Metadata-Version: 2.4
Name: probmetrics
Version: 1.3.0
Summary: Probabilistic metrics and calibration methods
Project-URL: Documentation, https://github.com/dholzmueller/probmetrics#readme
Project-URL: Issues, https://github.com/dholzmueller/probmetrics/issues
Project-URL: Source, https://github.com/dholzmueller/probmetrics
Author: Sacha Braun
Author-email: David Holzmüller <a@b.org>, Eugène Berta <eugene.berta@gmail.com>
License-Expression: Apache-2.0
License-File: LICENSE.txt
Keywords: Calibration,Classification,Metrics,Refinement
Classifier: Development Status :: 4 - Beta
Classifier: License :: OSI Approved :: Apache Software License
Classifier: Programming Language :: Python
Classifier: Programming Language :: Python :: 3.10
Classifier: Programming Language :: Python :: 3.11
Classifier: Programming Language :: Python :: 3.12
Classifier: Programming Language :: Python :: 3.13
Classifier: Programming Language :: Python :: 3.14
Classifier: Programming Language :: Python :: Implementation :: CPython
Classifier: Programming Language :: Python :: Implementation :: PyPy
Requires-Python: >=3.10
Requires-Dist: numpy>=1.25
Requires-Dist: pytorch-minimize
Requires-Dist: scikit-learn>=1.3
Requires-Dist: torch>=2.0
Requires-Dist: torchmetrics>=1.2.1
Provides-Extra: dev
Requires-Dist: fire; extra == 'dev'
Requires-Dist: matplotlib>=3.0; extra == 'dev'
Requires-Dist: pytest-cov>=4.0; extra == 'dev'
Requires-Dist: pytest>=7.0; extra == 'dev'
Requires-Dist: scipy; extra == 'dev'
Provides-Extra: dirichletcal
Requires-Dist: dirichletcal; extra == 'dirichletcal'
Provides-Extra: extra
Requires-Dist: betacal; extra == 'extra'
Requires-Dist: catboost; extra == 'extra'
Requires-Dist: cir-model; extra == 'extra'
Requires-Dist: lightgbm; extra == 'extra'
Requires-Dist: netcal; extra == 'extra'
Requires-Dist: numba>=0.59.0; extra == 'extra'
Requires-Dist: relplot; extra == 'extra'
Requires-Dist: scipy; extra == 'extra'
Requires-Dist: splinecalib; extra == 'extra'
Requires-Dist: uncertainty-calibration; extra == 'extra'
Requires-Dist: venn-abers; extra == 'extra'
Requires-Dist: xgboost; extra == 'extra'
Description-Content-Type: text/markdown

[![test](https://github.com/dholzmueller/probmetrics/actions/workflows/testing.yml/badge.svg)](https://github.com/dholzmueller/probmetrics/actions/workflows/testing.yml)
[![Downloads](https://img.shields.io/pypi/dm/probmetrics)](https://pypistats.org/packages/probmetrics)
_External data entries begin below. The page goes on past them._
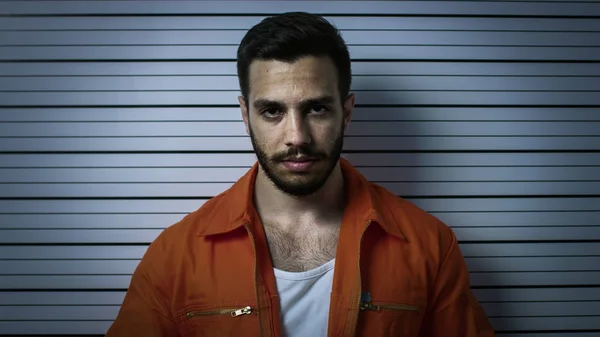 In a Police Station Arrested Man Posing for Mugshot. He's in a Prisoner Orange Jumpsuit. Height Chart in the Background. — Stock Photo, Image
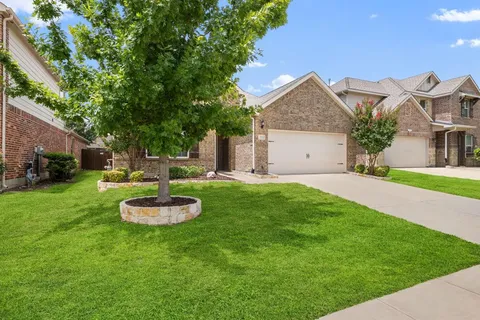 a big house with a big yard and potted plants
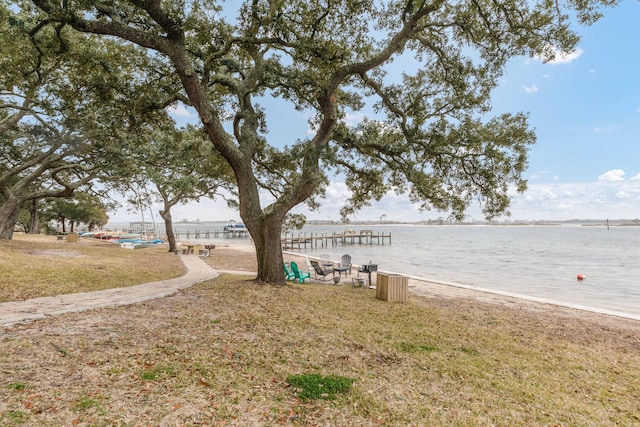 dock area featuring a yard and a water view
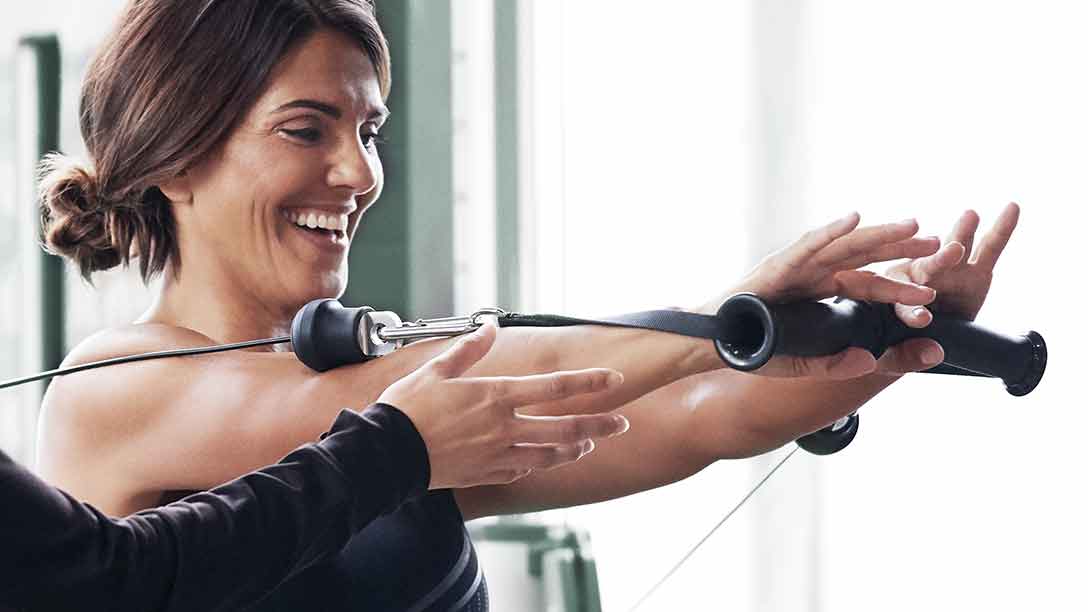 A smiling woman uses the dual cable cross machine with guidance from a trainer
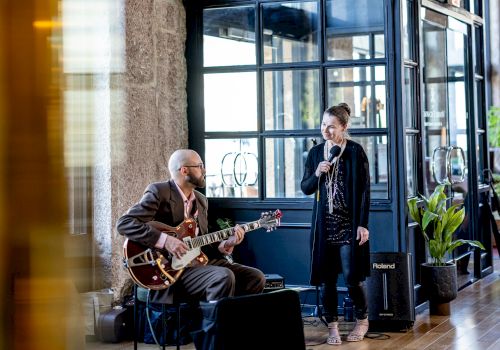 A man is playing an electric guitar, and a woman is singing into a microphone in a well-lit indoor space with large windows and greenery.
# Probmetrics: Classification metrics and post-hoc calibration

This package (PyTorch-based) currently contains
- post-hoc calibration methods, in particular:
  - a fast and accurate temperature scaling implementation described in [1]
  - an implementation of structured matrix scaling (SMS), a regularized version of matrix scaling introduced in [2]
  - implementations for all the post-hoc calibration methods in the CalArena benchmark [4]
- classification metrics, especially metrics for assessing the quality of probabilistic
  predictions, in particular:
  - our classifier based $L_p$ calibration error estimators from [3]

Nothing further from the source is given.